*The problem*
All records below are to be duplicated exactly, with every picture excluded.
══ Data supplied
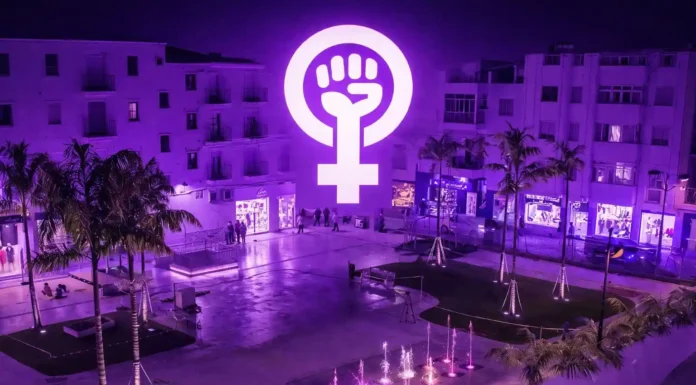 El PSOE de Estepona apoya la concentración del 8M concentración del 8M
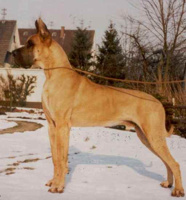 CH80 Elgo von Ferndorftal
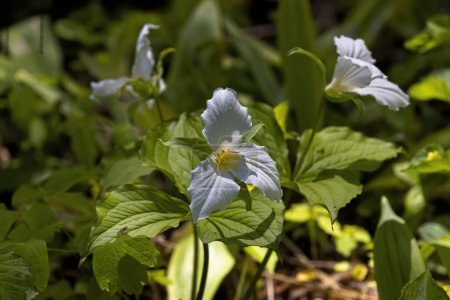 Photo for The white trillium (pink trilium)  the plant is native to eastern North America - Royalty Free Image
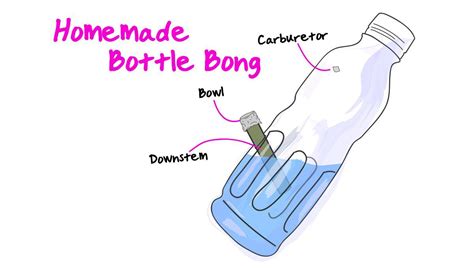 14 Different Types of Bongs – The Cannabis School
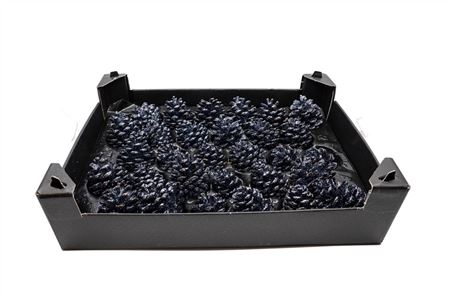 Pinecone 6-8cm 30 Pieces Black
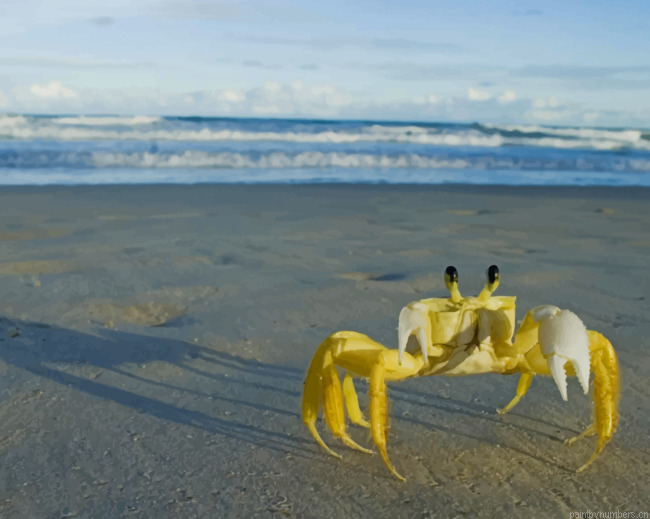 Yellow Crab On Beach Painting By Numberss.png
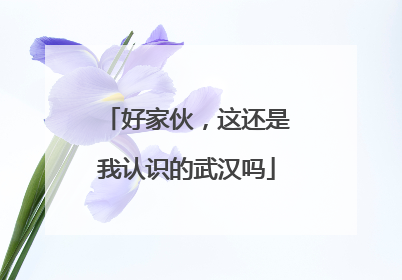 好家伙，这还是我认识的武汉吗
════
*Response*
 El PSOE de Estepona apoya la concentración del 8M concentración del 8M
 CH80 Elgo von Ferndorftal
 Photo for The white trillium (pink trilium)  the plant is native to eastern North America - Royalty Free Image
 14 Different Types of Bongs – The Cannabis School
 Pinecone 6-8cm 30 Pieces Black
 Yellow Crab On Beach Painting By Numberss.png
 好家伙，这还是我认识的武汉吗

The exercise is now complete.